Posts from — September 2007
My latest initiative – nGOmobile – was featured this week on the BBC World Service “Digital Planet” series which reports on technology stories from around the world. This is the third time kiwanja has been featured on the program. Nokia’s Head of Social Investment for Africa and the Middle East, Micheline Ntiru – who is on the competition judging panel – joined me in discussing the project with Bill Thompson (another judge!) and Gareth Mitchell. A Podcast of the program is available via the “Digital Planet” website or the interview segment here (8Mb, MP3)
September 25, 2007 No Comments
A couple of months ago a member of the Social Mobile Group on Facebook asked an interesting, and pertinent, question. Commenting on a picture of a payphone attached to a bicycle from the kiwanja Mobile Gallery (this bike is taken around the streets of Kampala for members of the public to use to make calls), they wondered what was going to happen to these kinds of entrepreneurs as more and more people began owning their own phones.
A recent article in Fast Company magazine has set out to answer just that. Looking specifically at decreasing income levels among Grameen’s Village Phone Operators, it points the finger of blame squarely at the proliferation of mobile phones (the same finger can be pointed by the fixed payphone network, another victim). On the surface, blaming mobile proliferation seems like a safe bet. After all, if you have your own phone then why pay to use someone elses?
The increase in mobile ownership has certainly had an impact, but any time you mix economics, technology and human behaviour together, some pretty surprising things can happen. And this is where my love for anthropology comes in handy.
I was fortunate to have spent four weeks in Uganda last month, working with Grameen on their Village Phone Program at the same time that Business Week researched their own article on mobiles and economic development in Africa. Nothing beats being on the ground, and I’m very lucky to regularly get the chance to spend time in developing countries where I’m able to get a really good sense of what does and doesn’t work.

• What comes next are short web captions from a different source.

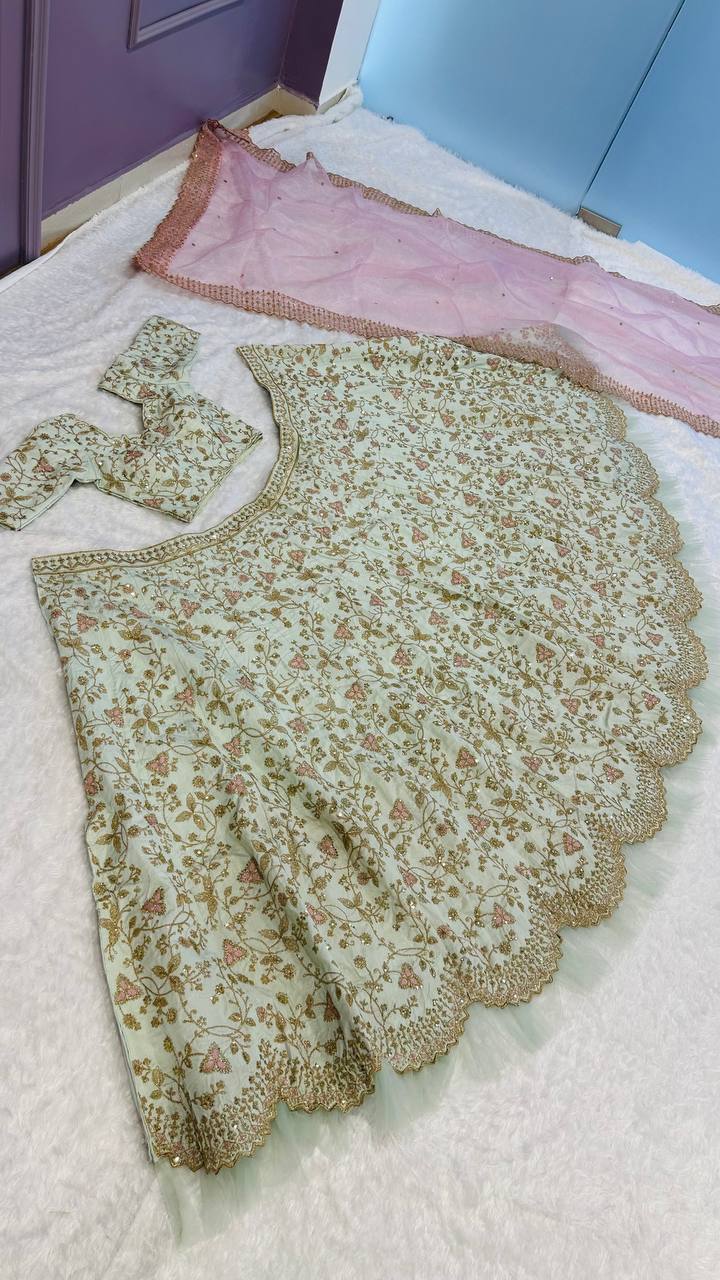 Pista Color Thread With Sequins Work Wedding Wear Designer Lehenga Choli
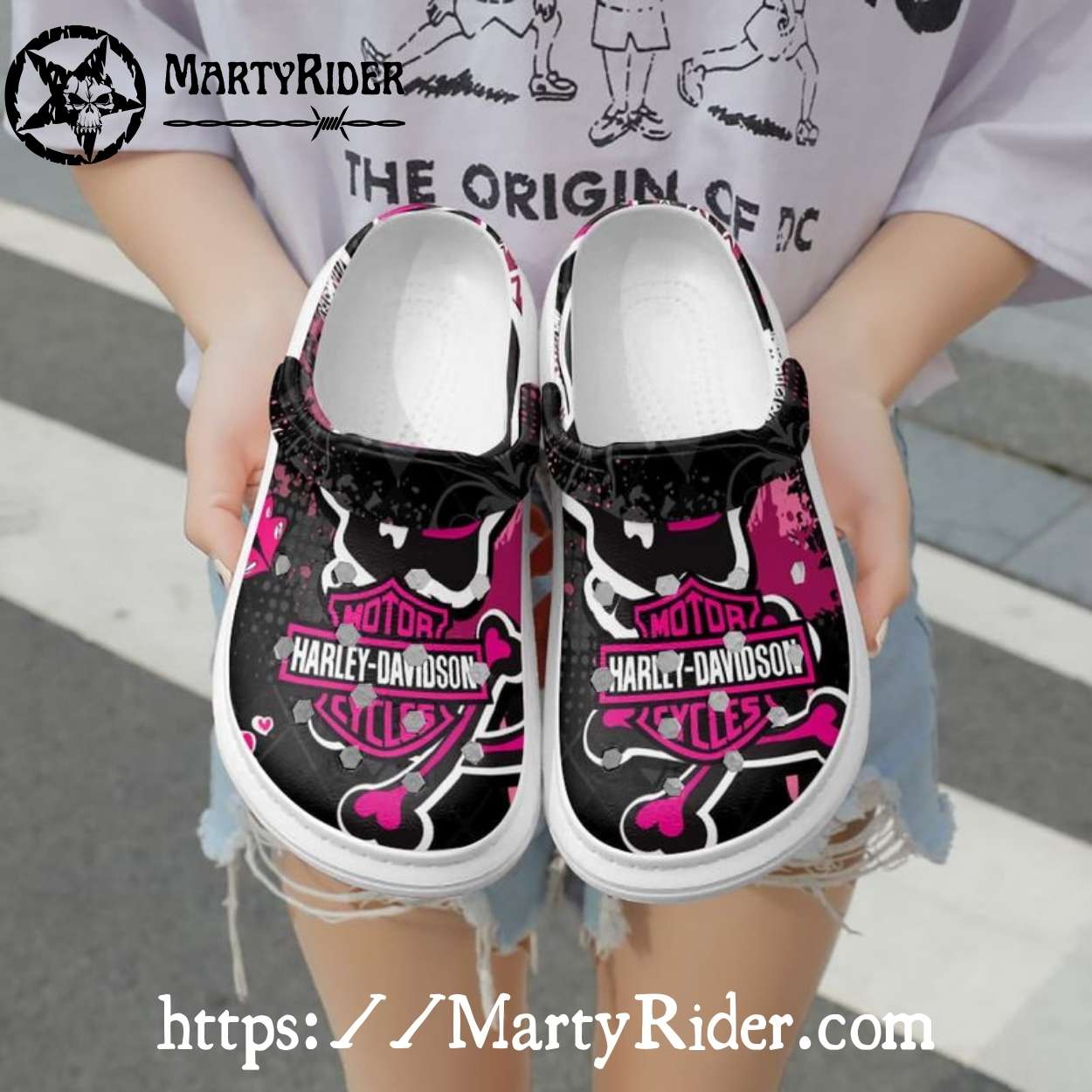 Pink Skull Heart Harley Davidson Crocs for Women Bikers Pink Skull Heart Harley Davidson Crocs for Women Bikers
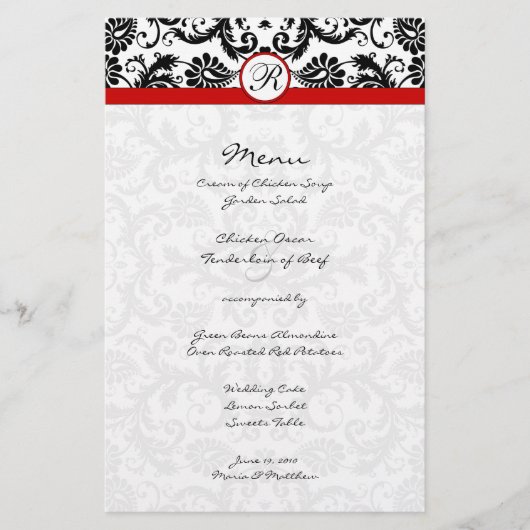 Menu Black Damask Red Trim Weddenschap (Voorkant)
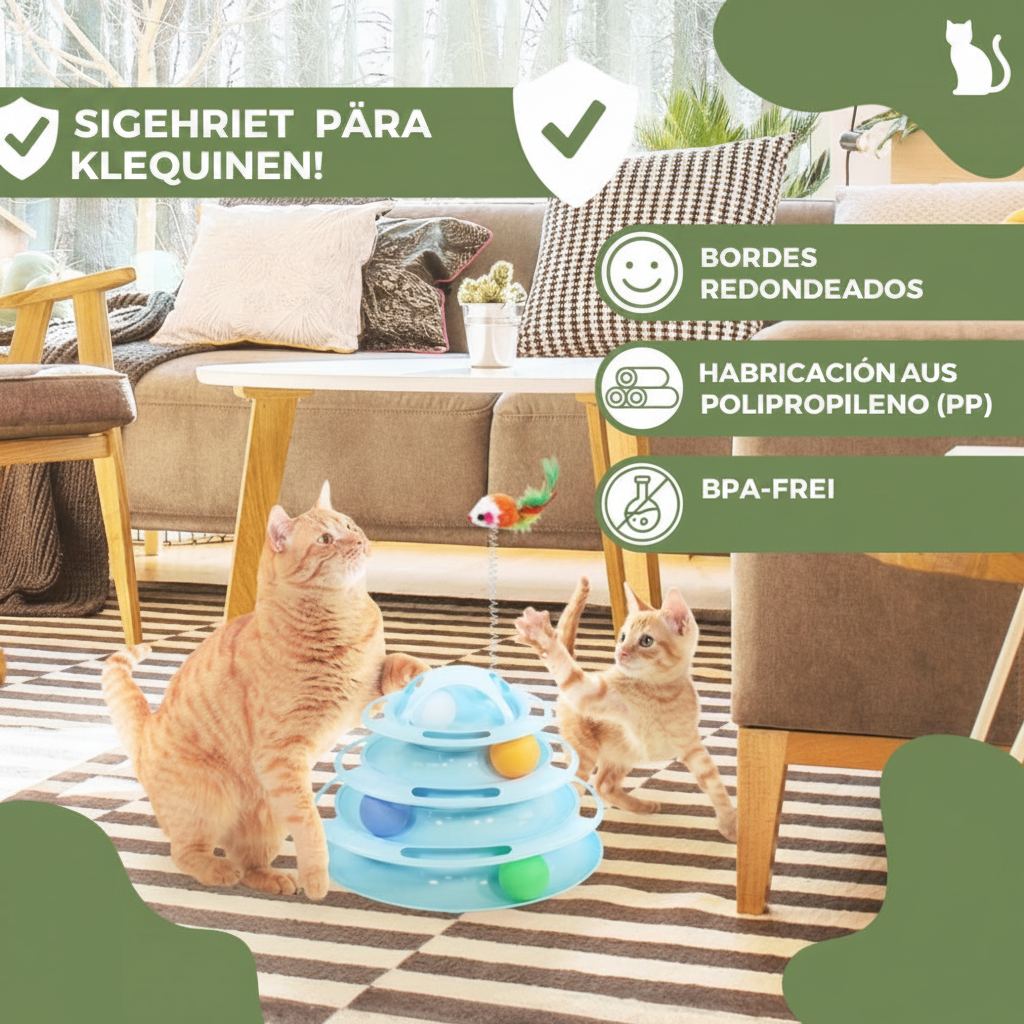 4 Ebenen zum Spielen und Entdecken – interaktiver Katzenball-Turm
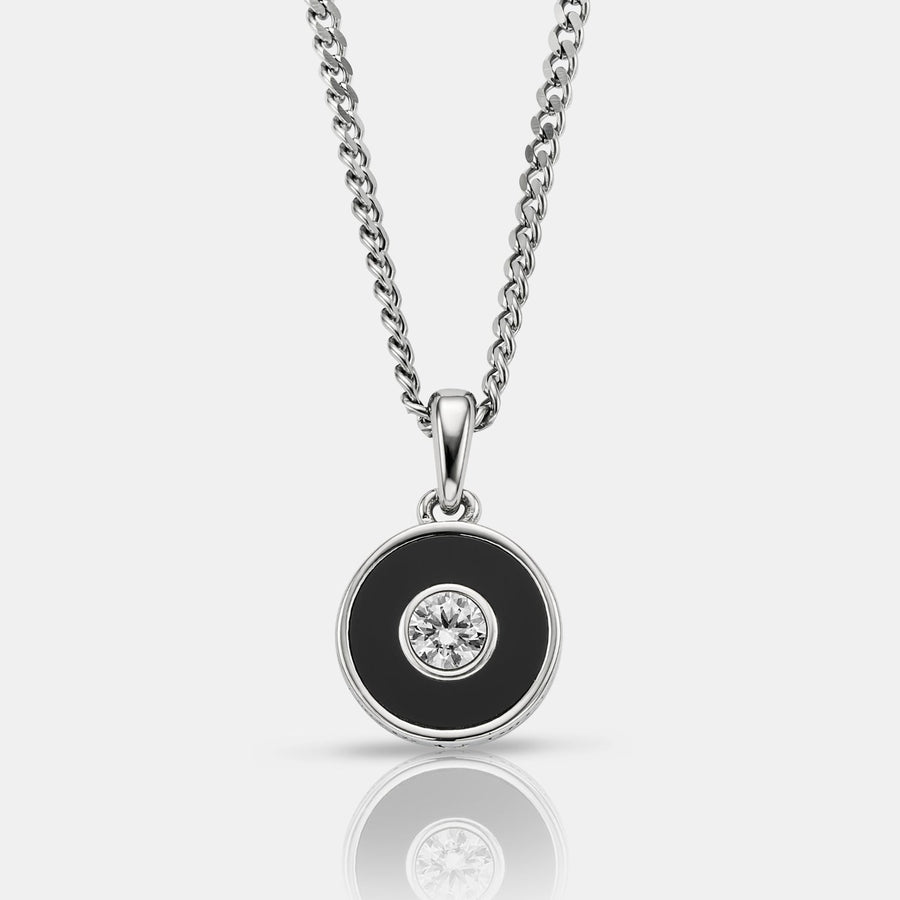 Onyx Round Gem Pendant Necklace (Silver)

Many of the blog entries circulating the web in the last week or so – citing the Fast Company magazine and touting the ‘end of the Village Phone’ – fail to appreciate some of the subtler issues at play. The assumption that people will stop using a Village Phone the minute they own their own is not the open and shut case you might think. During my month in Uganda, I would regularly see people walking up to a Village Phone Operator, mobile in hand, look up a number and read it out to the phone lady to key into her own handset. From my own observations, this seems to happen for a number of reasons.
Firstly, for many owners, mobiles double-up as glorified contact managers, clocks, alarms, torches and, finally, a device which enables them to be contacted any time of day or night for work, or to stay connected with family or friends. Few maintain enough credit to make calls. Many taxi drivers, for example, hold just enough credit to enable them to ‘flash’ a phone (ring and hang up) to indicate that they are outside and waiting.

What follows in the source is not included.